Raporumuz 4 yılı aşkın bir sürede gerçekleştirilen çok kapsamlı çalışmalar sonucunda elde edilen bulgulara dayanarak açıklandı. Bu rapor için ayrımcı yasalar, politikalar, uygulamalar, zorla tahliye, idari gözaltı, işkence, hukuka aykırı öldürme, temel hak ve özgürlüklerin kısıtlanması gibi çok sayıda ihlali mercek altına aldık. İlgili İsrail mevzuatını, yönetmelikleri, askeri emirleri, hükümet direktiflerini, İsrail Parlamento arşivi, ilgili imar ve planlama belgelerini, bütçeleri, mahkeme kararlarını, kamuya açık çok sayıda belgeyi inceledik.
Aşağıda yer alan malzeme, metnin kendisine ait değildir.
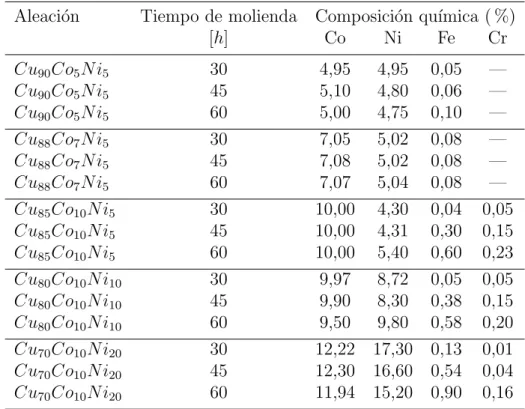 Tabla 6.2: Resultados de la composici´ on qu´ımica de las aleaciones Cu 95 −x Co x Ni 5 y Cu 90 −x Co 10 Ni x para los diferentes tiempos de molienda y 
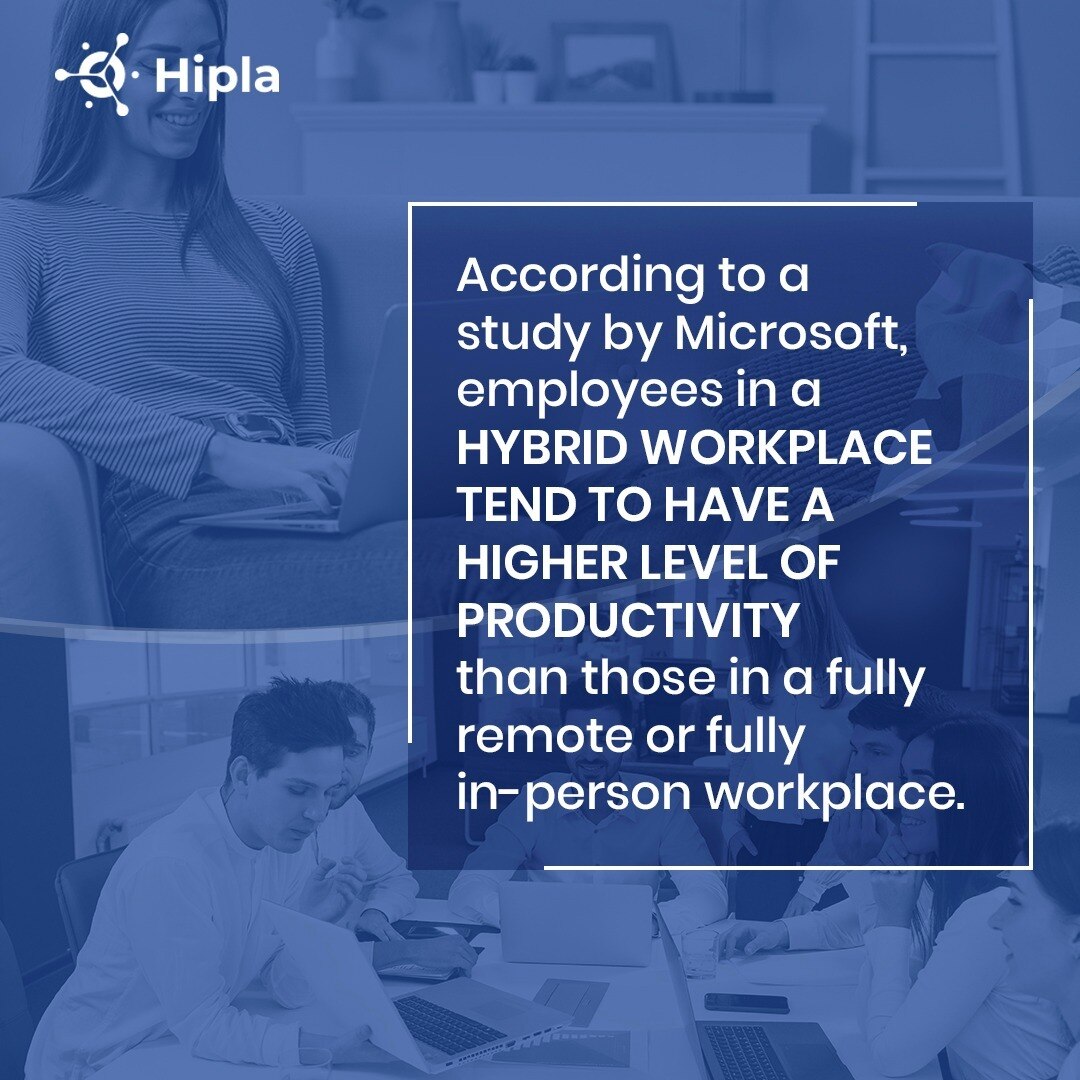New study by Microsoft suggests that a hybrid workplace may be the key to increased productivity! Wi...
Hem daha önce kendi yaptığımız raporlar hem de çok sayıda farklı insan hakları kurumunun rapor bulgularını apartheid çerçevesinde inceledik, onlarca görüşme ve tanıklık dinledik, hukuk uzmanlarına ve danışmanlara danıştık. Milyonlarca Filistinlinin on yıllardır, her gün karşı karşıya kaldığı ızdırap ve ihlallerin temel sebebinin İsrail’in uyguladığı apartheid rejimi olduğunu, bütün bu bulgu ve kanıtlara dayanarak saptadık. Raporumuzda İsrail’in Filistinlilere nasıl aşağı bir ırksal grup olarak muamele ederek, hakları üzerinde denetim sahibi olduğunu, ayrımcılık uyguladığını ve onlara bu şekilde baskı yaptığını belgeliyoruz.
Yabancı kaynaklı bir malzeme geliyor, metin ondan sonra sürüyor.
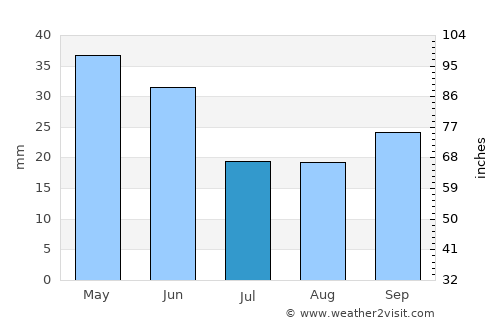 Pocatello average rain in July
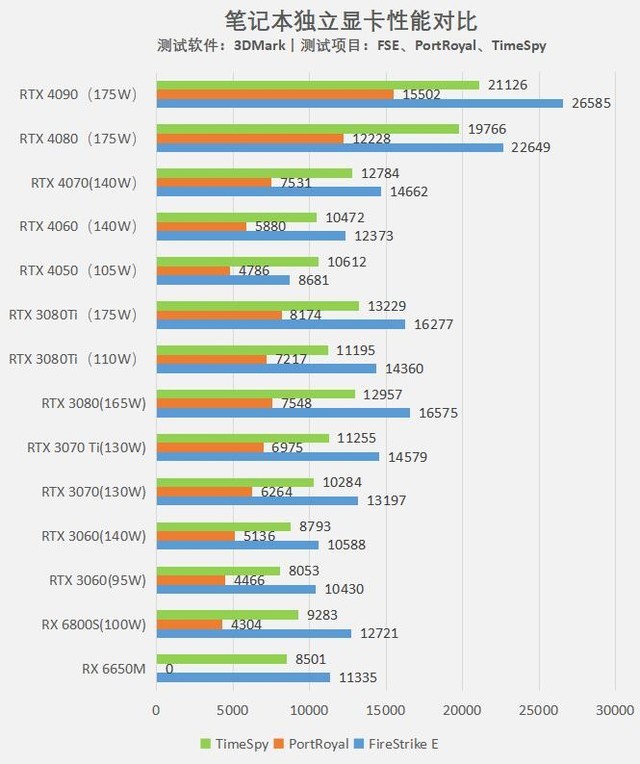 揭秘gtx1650显卡最低售价，教你三招省钱购买攻略  第2张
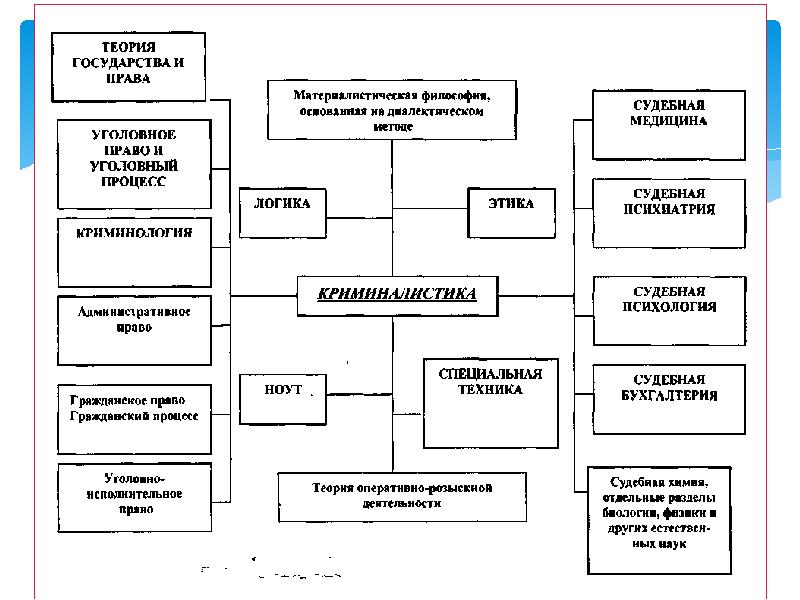 Криминалистика в схемах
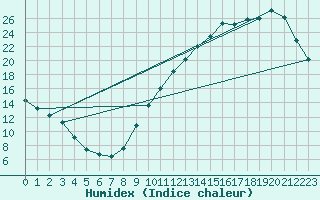 Courbe de l'humidex pour La Baeza (Esp)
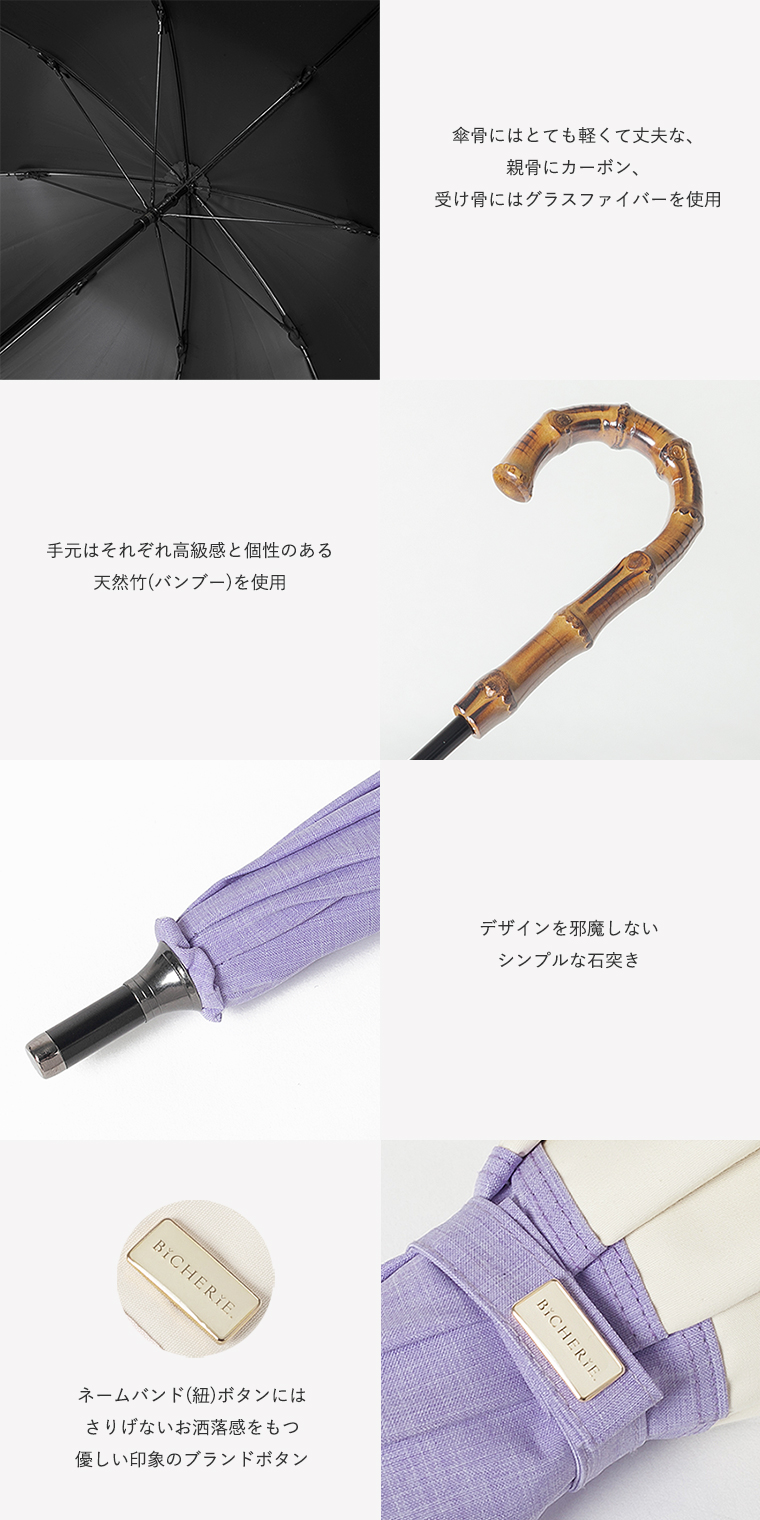 こだわりパーツ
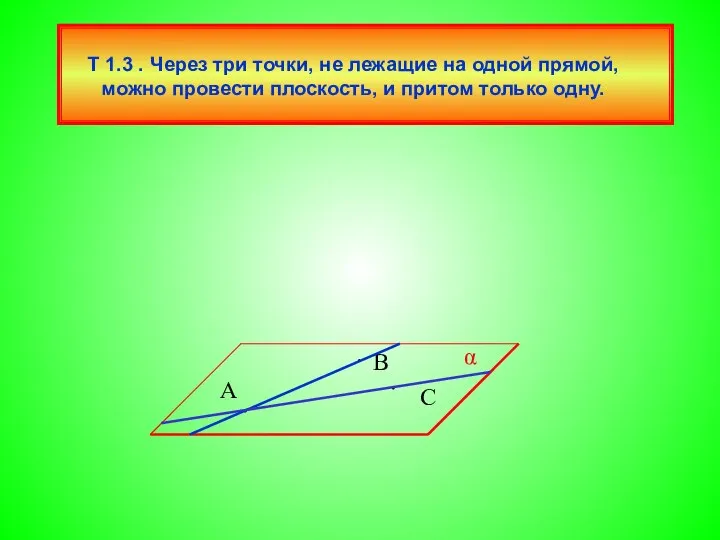 Т 1.3 . Через три точки, не лежащие на одной прямой,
Elbette, dünyadaki önemli çatışma alanlarından biri olarak, daha önce de bu bölgedeki ihlallere dair raporlar ve araştırmalar yayımlandı. Apartheid iddiası da çok sayıda kurum, insan hakları savunucusu ve akademisyen tarafından dile getirildi. Ancak raporumuzda ulaşılan bulgulardan en dikkat çekeni, İsrail yetkililerinin ister İsrail’de, ister işgal altındaki Filistin topraklarında, ister diğer ülkelerde mülteci olarak, kendi fiili denetimleri altında yaşayan tüm Filistinlilere karşı bir apartheid sistemini dayattığıdır. Bu açıdan, bu kadar geniş kapsamlı şekilde Filistinlilerin bir apartheid sistemine mahkum edildiği bulgusu, raporun öncekilerden en ayırt edici özelliği.
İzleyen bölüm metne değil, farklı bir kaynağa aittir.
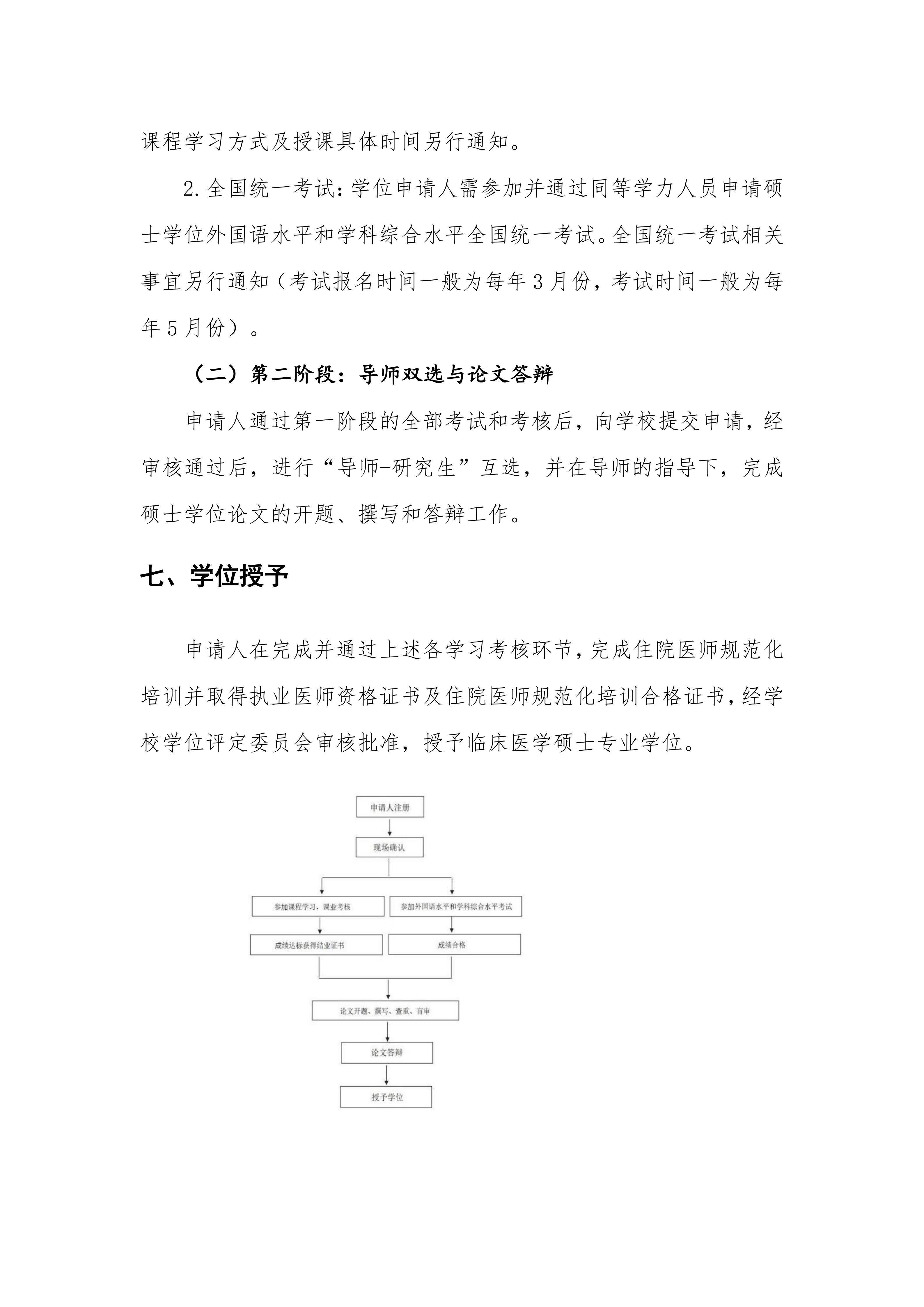 长治医学院2026年同等学力申请临床医学硕士专业学位招生简章_06.jpg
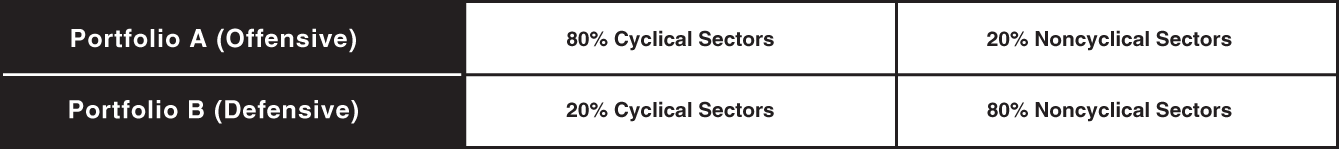 Schematic illustration of sample Offensive and Defensive Portfolio Sector Weights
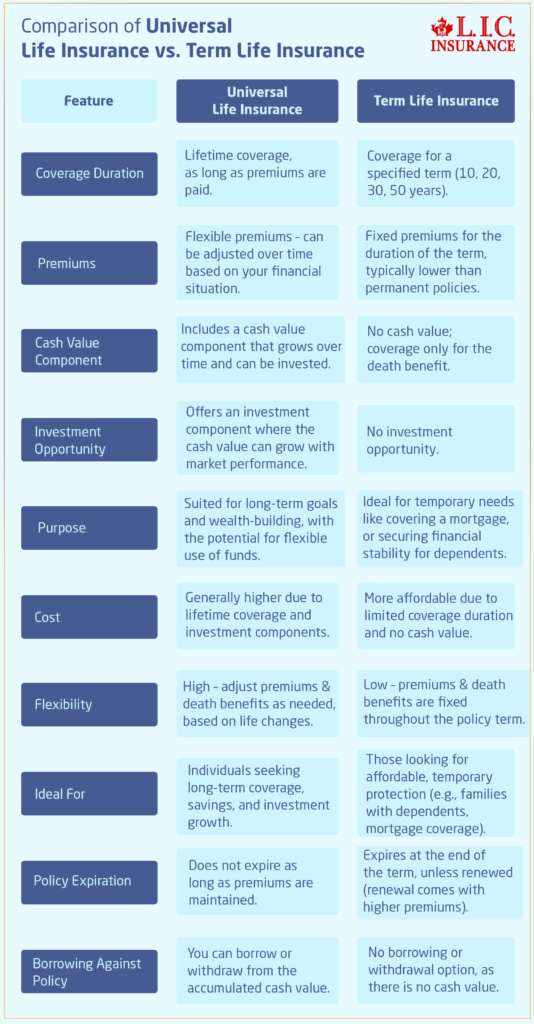 Comparison of Universal Life Insurance vs. Term Life Insurance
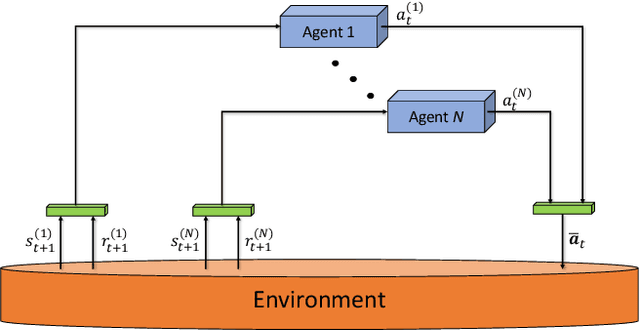 Figure 1 for A Deep Multi-Agent Reinforcement Learning Approach to Autonomous Separation Assurance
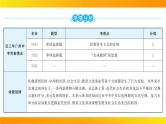 2024年中考历史一轮复习课件：中国近代史8近代经济、社会生活与教育文化事业的发展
1948’de İsrail’in kuruluşundan bu yana, İsrail devletinin politikası sistematik olarak Filistinlilere yönelik bir ayrımcılık hedefini barındırıyor. On yıllardır Filistinlilere yönelik bilinçli şekilde bir ötekileştirme, yoksullaştırma politikası uygulanıyor. Filistinliler evlerinden zorla tahliye ediliyor, evleri yıkılıyor, aileleri bölünüyor, kontrol noktaları ve duvarlarla engelleniyor. Filistinli mültecilerin işgal altındaki topraklara ve İsrail’e dönüş hakları tanınmıyor, devlet destekli ırkçı bir kamu arazisi yönetimi var, ciddi dolaşım kısıtlamaları ve ayrımcılık söz konusu. Ekonomik ve sosyal haklar tanınmıyor, İsrail mahkemeleri bu ihlallere dair çözüm sağlayamıyor. Yine, bunların yanı sıra Filistin topraklarında İsrail güçleri Filistinlilerin haklarına saygı gösterilmesini talep eden protestoları bastırmak için de düzenli biçimde öldürücü güce başvuruyor.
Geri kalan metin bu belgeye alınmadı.